» **Activity**:
Leaving out pictures, output exactly the lines below from the one that has "bumper rear part" through the one that has "AN OLD CHILDRENS VIOLIN - Image 3 of 5", and nothing else.

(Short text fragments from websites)
[Start of Attachment]
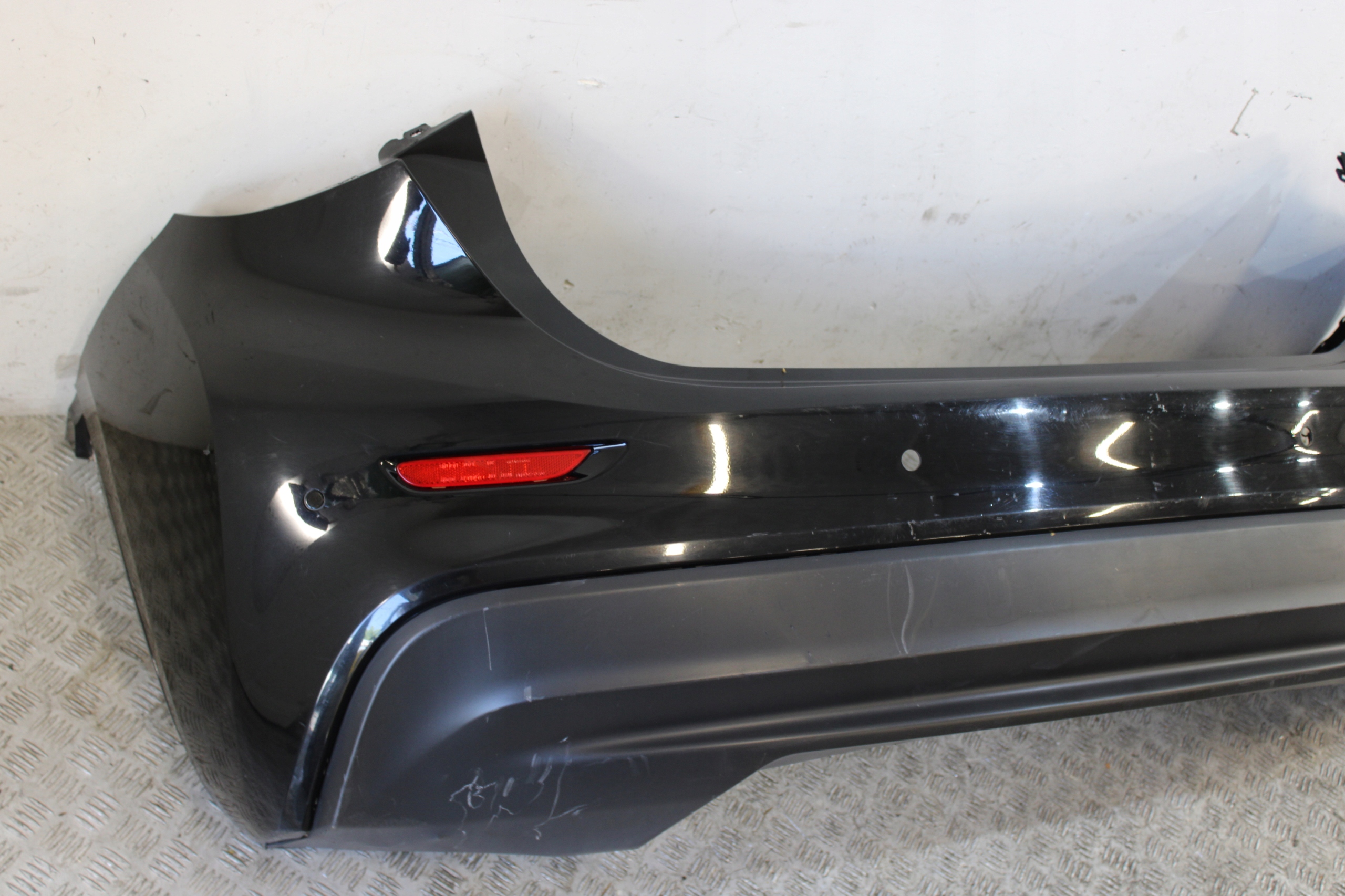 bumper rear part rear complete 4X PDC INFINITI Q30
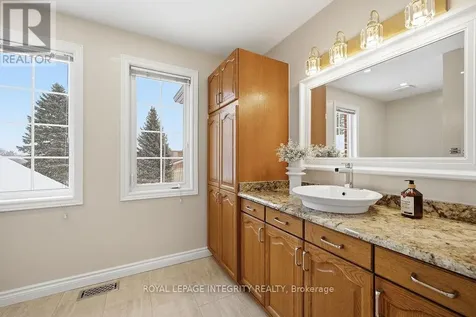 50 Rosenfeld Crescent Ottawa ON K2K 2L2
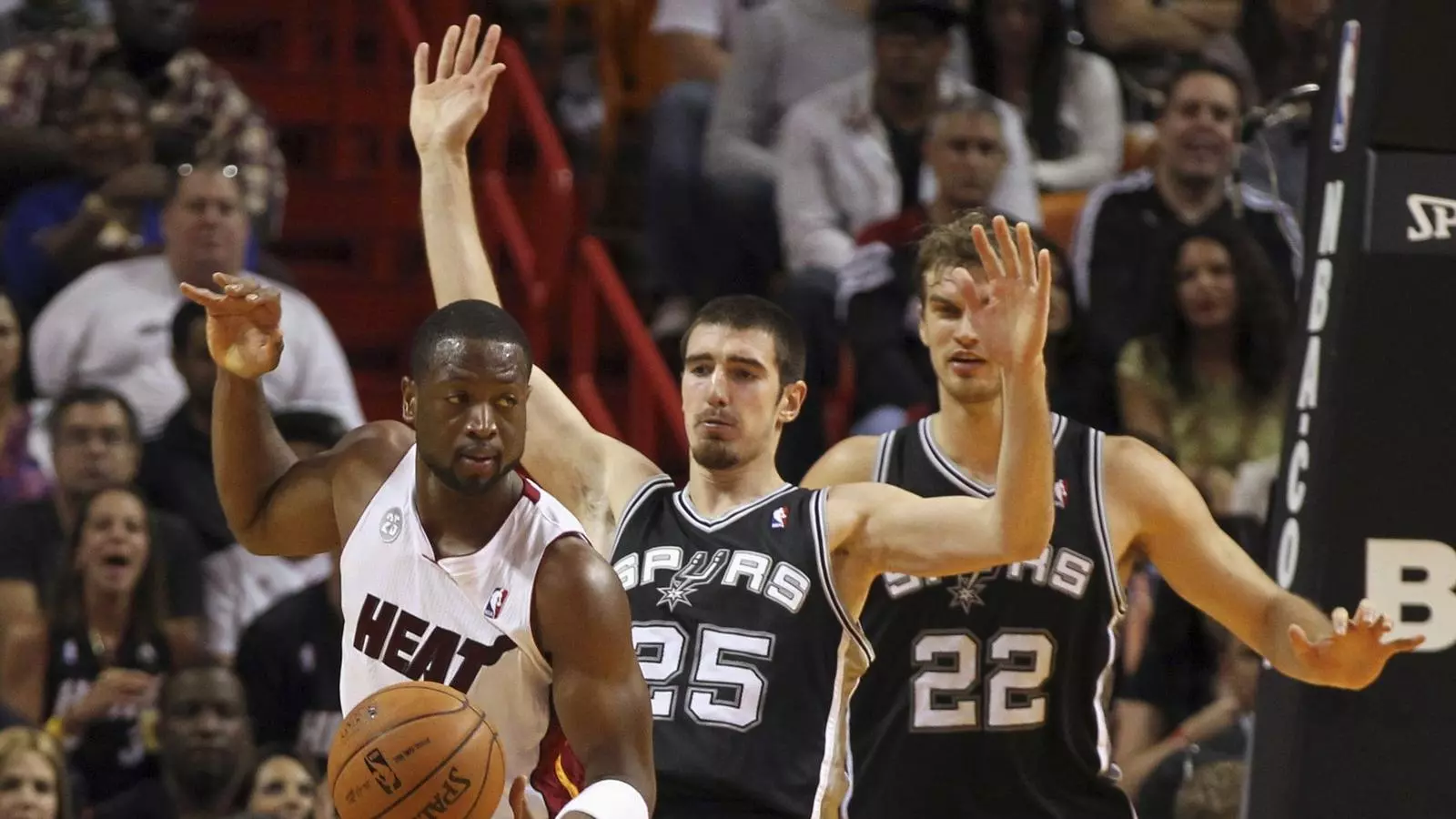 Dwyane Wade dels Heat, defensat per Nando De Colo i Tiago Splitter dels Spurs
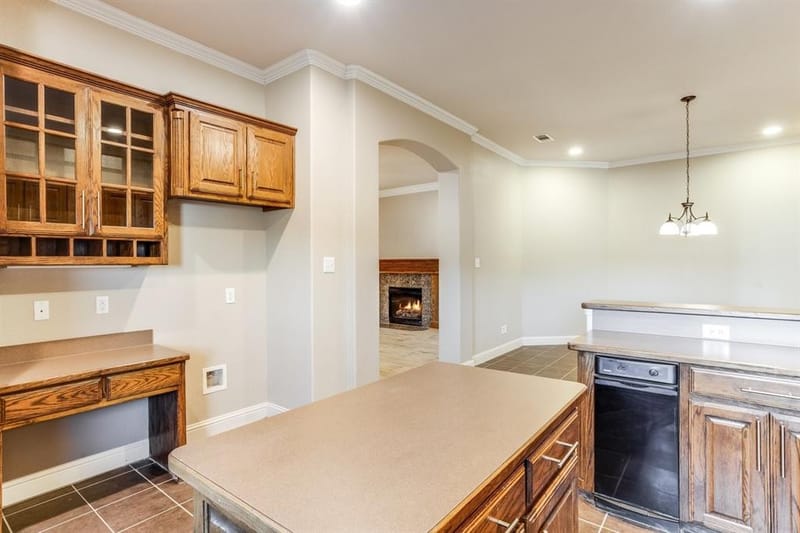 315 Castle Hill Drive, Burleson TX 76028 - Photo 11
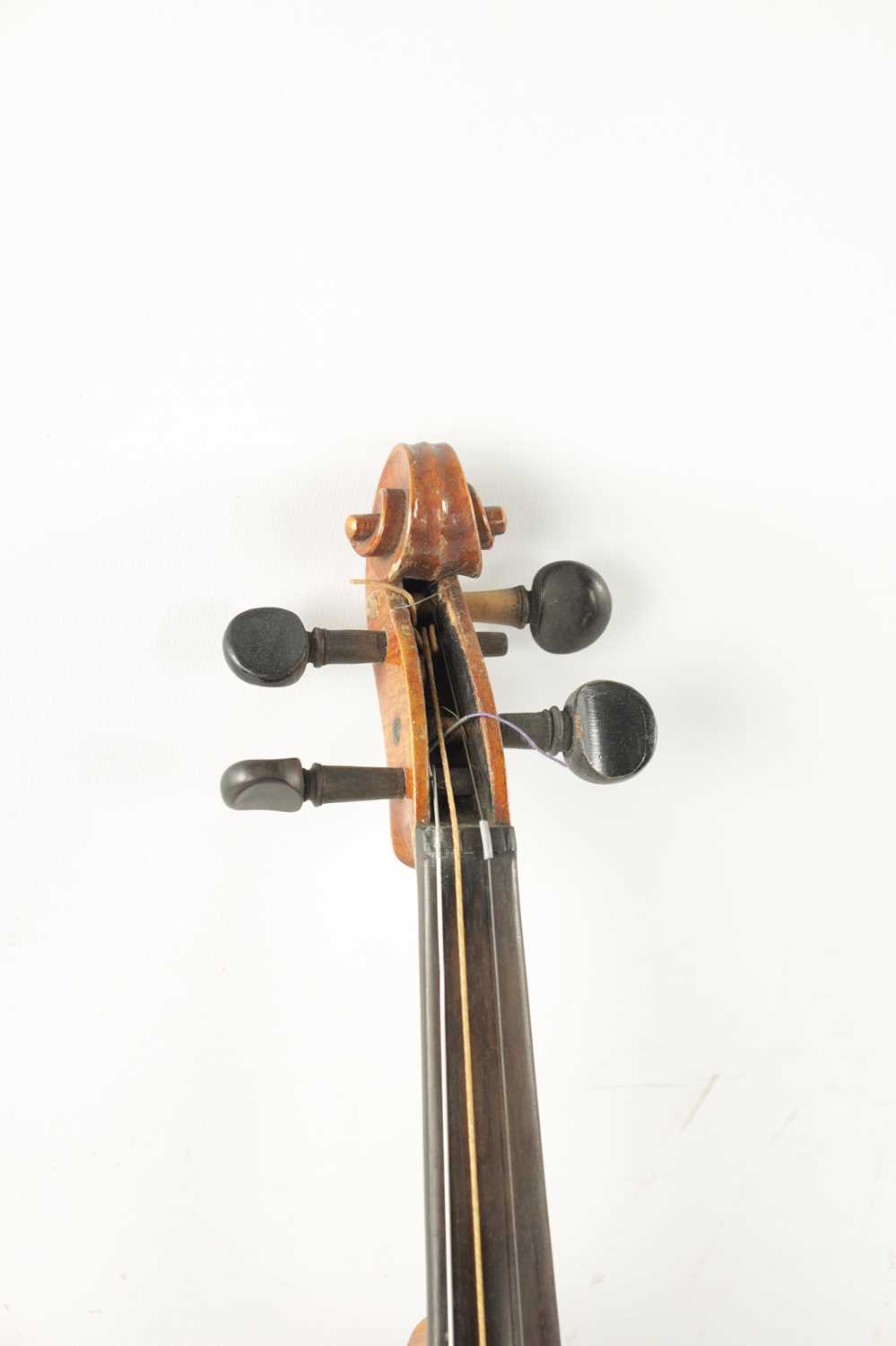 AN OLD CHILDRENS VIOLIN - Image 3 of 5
[End of Attachment]
[Start of Attachment]
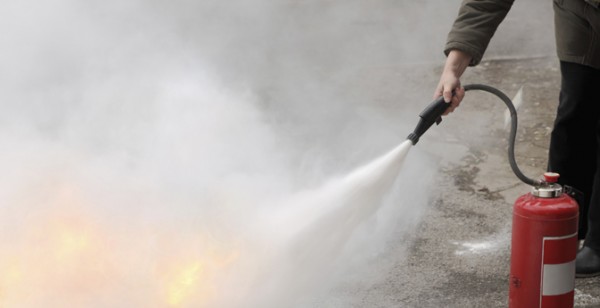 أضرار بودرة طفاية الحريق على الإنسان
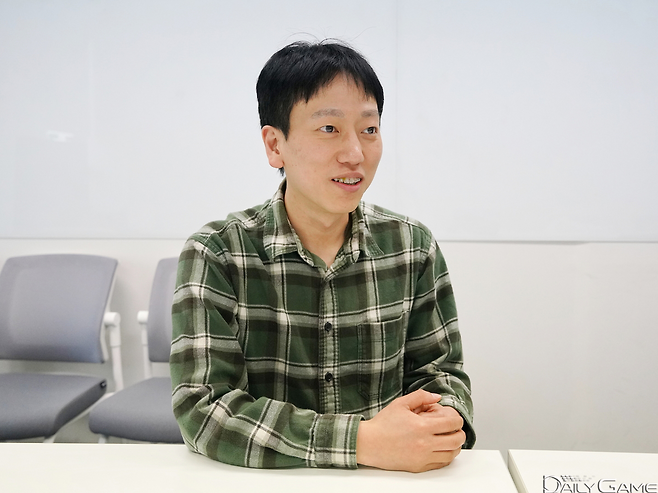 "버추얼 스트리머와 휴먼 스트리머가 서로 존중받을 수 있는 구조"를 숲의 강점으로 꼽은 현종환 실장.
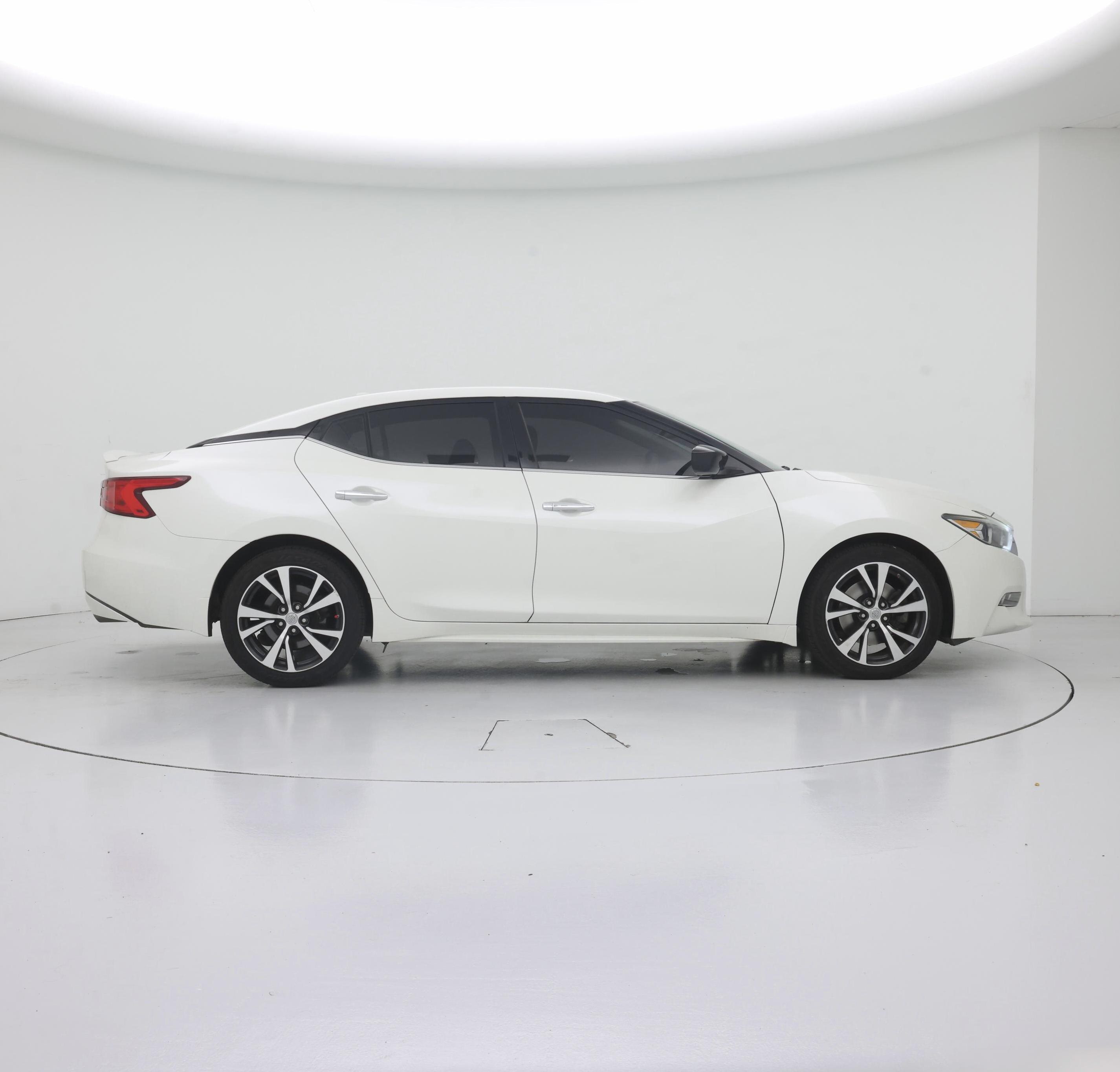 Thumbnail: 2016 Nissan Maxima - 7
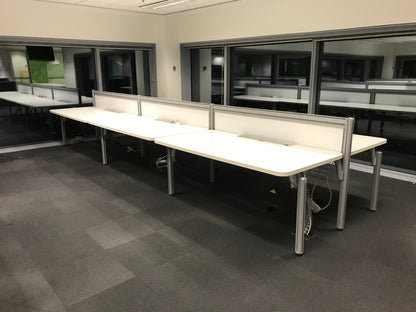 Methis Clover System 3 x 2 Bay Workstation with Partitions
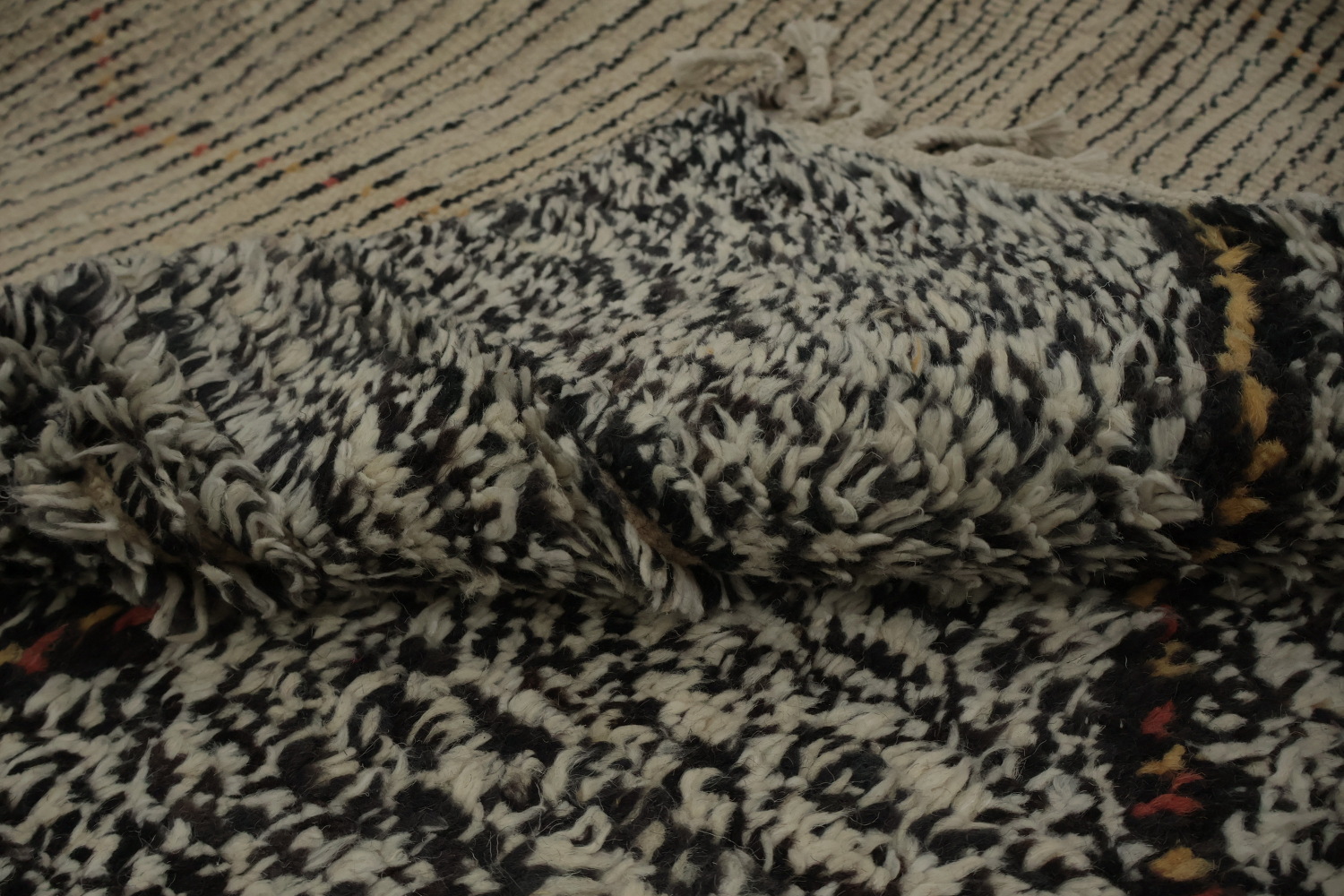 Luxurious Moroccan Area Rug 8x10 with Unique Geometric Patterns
[End of Attachment]
» **Response to the exercise**:
 bumper rear part rear complete 4X PDC INFINITI Q30
 50 Rosenfeld Crescent Ottawa ON K2K 2L2
 Dwyane Wade dels Heat, defensat per Nando De Colo i Tiago Splitter dels Spurs
 315 Castle Hill Drive, Burleson TX 76028 - Photo 11
 AN OLD CHILDRENS VIOLIN - Image 3 of 5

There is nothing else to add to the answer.